Recorded data

────

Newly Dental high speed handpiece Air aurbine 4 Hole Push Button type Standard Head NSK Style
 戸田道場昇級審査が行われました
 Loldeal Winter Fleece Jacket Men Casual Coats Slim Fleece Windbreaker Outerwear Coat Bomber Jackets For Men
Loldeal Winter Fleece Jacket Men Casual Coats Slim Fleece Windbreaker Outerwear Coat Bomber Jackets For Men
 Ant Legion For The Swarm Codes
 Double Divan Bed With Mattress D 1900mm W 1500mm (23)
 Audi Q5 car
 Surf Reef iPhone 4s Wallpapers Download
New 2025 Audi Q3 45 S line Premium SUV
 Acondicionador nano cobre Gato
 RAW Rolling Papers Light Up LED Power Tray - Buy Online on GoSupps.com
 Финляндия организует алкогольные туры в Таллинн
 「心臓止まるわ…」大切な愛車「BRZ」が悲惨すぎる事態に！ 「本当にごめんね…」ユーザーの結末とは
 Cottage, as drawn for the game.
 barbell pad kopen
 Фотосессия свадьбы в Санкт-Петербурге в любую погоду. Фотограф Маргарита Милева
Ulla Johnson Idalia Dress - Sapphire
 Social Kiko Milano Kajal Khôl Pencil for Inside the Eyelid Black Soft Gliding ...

────

▶ _TASK DIRECTIONS_
The lines in the records above that include the word "Bomber" must be copied out.

▶ _RESPONSE BOX_
 Loldeal Winter Fleece Jacket Men Casual Coats Slim Fleece Windbreaker Outerwear Coat Bomber Jackets For Men
Loldeal Winter Fleece Jacket Men Casual Coats Slim Fleece Windbreaker Outerwear Coat Bomber Jackets For Men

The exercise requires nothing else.